Here's a challenge for progressives. Who would you welcome more as a neighbor? A black middle class professional couple, with two kids in college? Or a law-abiding, but NASCAR watching, white family that has country music going in the garage on Saturday afternoons and keeps broken tricycles on their lawn? I'm assuming it's no contest.

I'm not trying to be cynical. I'm trying to be truthful. Because I see this every day in myself: a tendency to make the people I least want to talk to, invisible. Dismissible. Even laughable. I think money talks, and lack of money smells, at an uncanny distance, like its unmistakable self. I may not wish this to be the case, but it is. And I want to fight its implications.

Even at my church, which is full of kind, concerned, activist, progressive types, we tend to focus our discussions about social justice on what makes us look hip and up-to-date in our lack of prejudice. This focus may be unconscious, may be accidental, but it's real, and the upshot is that we welcome the young lesbian with the nose ring, ply her with lots of questions about her new spouse. A good thing. But when it comes to the quiet working class guy with a paunch, who works as a mechanic or a seasonal carpenter, we don't even sit down to coffee with him. Ask him how things are going with his Mom's lumpectomy. Not a good thing.
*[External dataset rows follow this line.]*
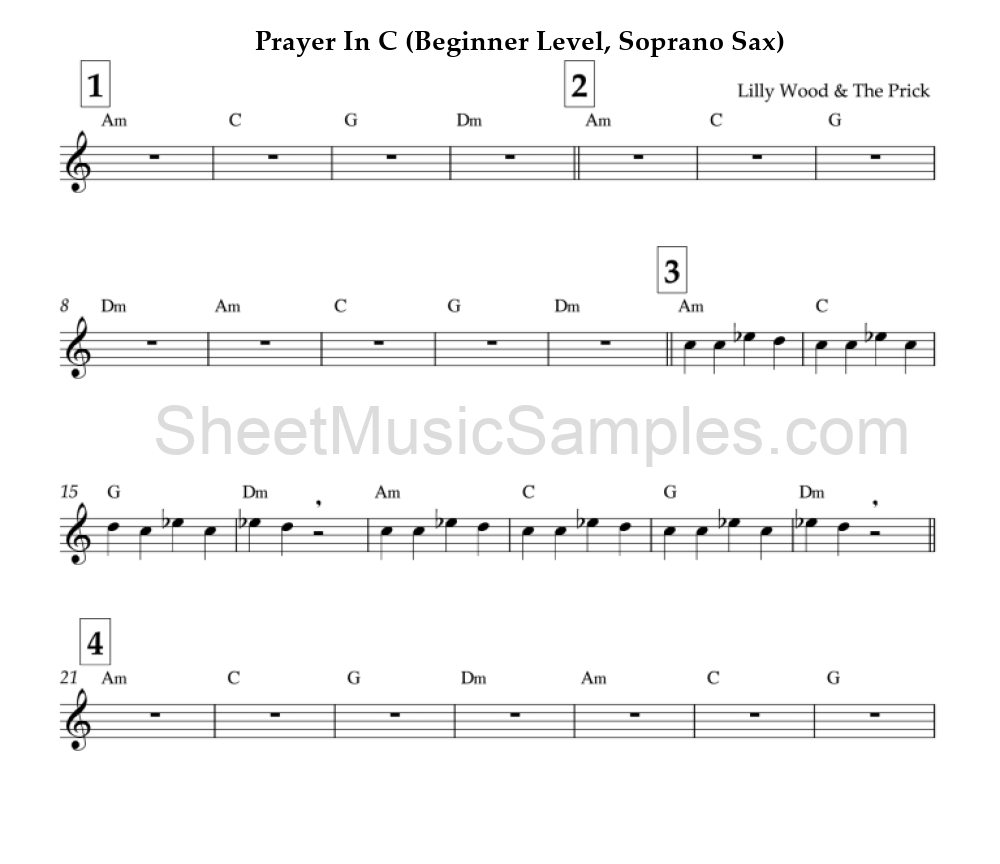 Prayer In C (Beginner Level, Soprano Sax)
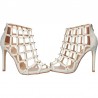 Sandale fashion, albe, cu toc inalt
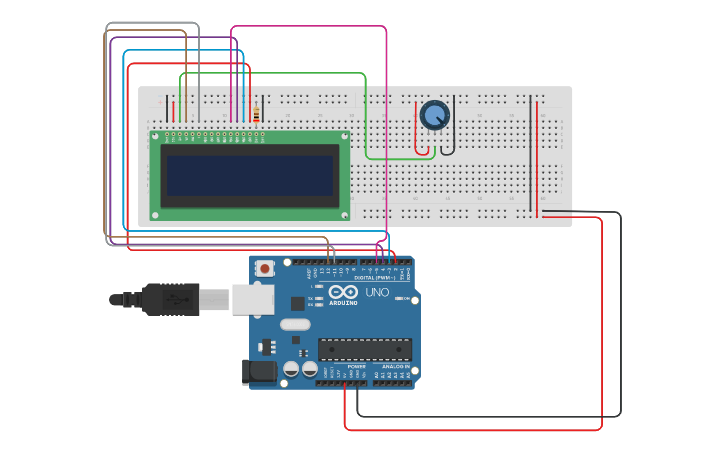 Circuit design CONEXION LCD 16X2 | Tinkercad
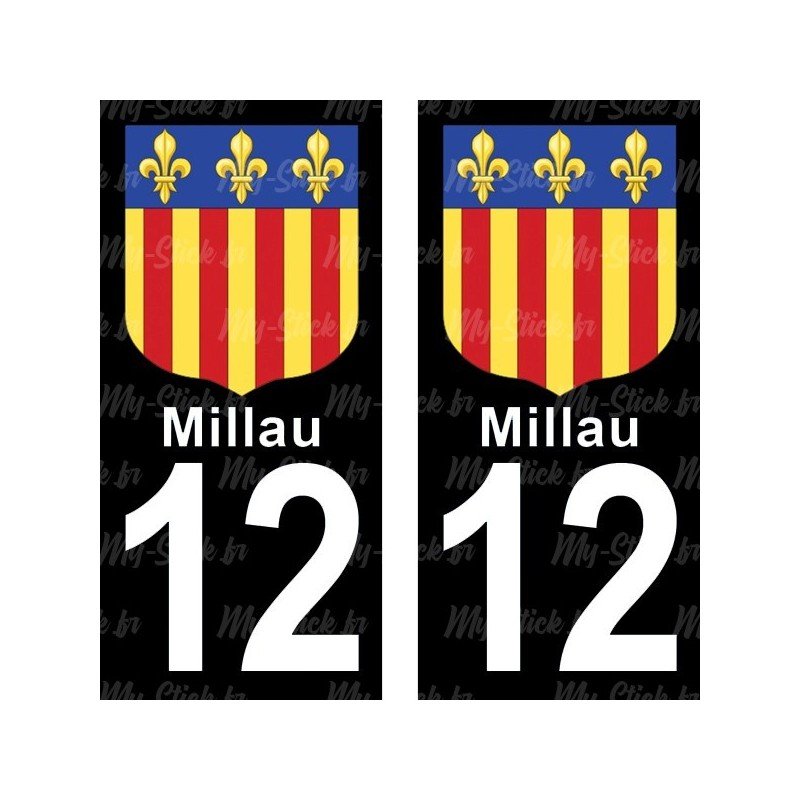 Blason Millau - Stickers plaque immatriculation 12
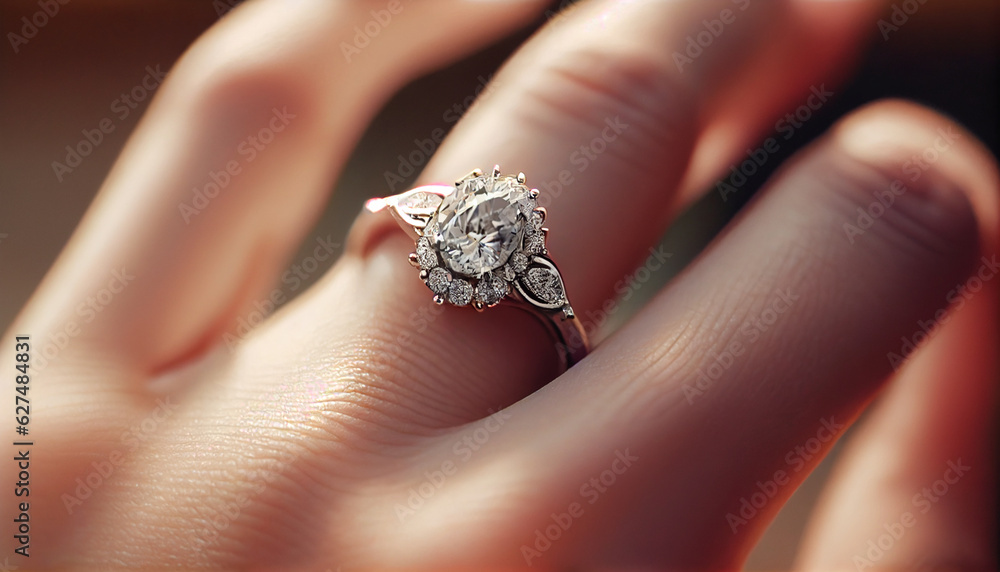 hand with a diamond ring. engagement ring, generative in ai hand with a diamond ring. engagement ring, generative in ai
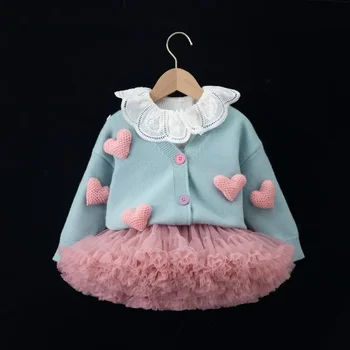 Корейски детски комплект бебешки момичета костюм есен нов дълъг ръкав детски пуловер + пола комплект момиче прекрасен печат плисирана пола W-S1032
The problem of poverty is far less black and urban than it is rural and white. Do we ever admit this? How many of us even know this to be a fact?

We're spending a lot of energy nowadays castigating the leaders of Flint about their poisonous water system. And good. They deserve it. But does the fact that coal miners in West Virginia and Kentucky die of black lung all the time, cause anything like the same outrage? Would it ever? Listen to the accent of those miners, and you'll know the answer.

I believe we need to look straight at the problem of inequality wherever it shows itself. I think that thoughtful, feeling people will agree with me.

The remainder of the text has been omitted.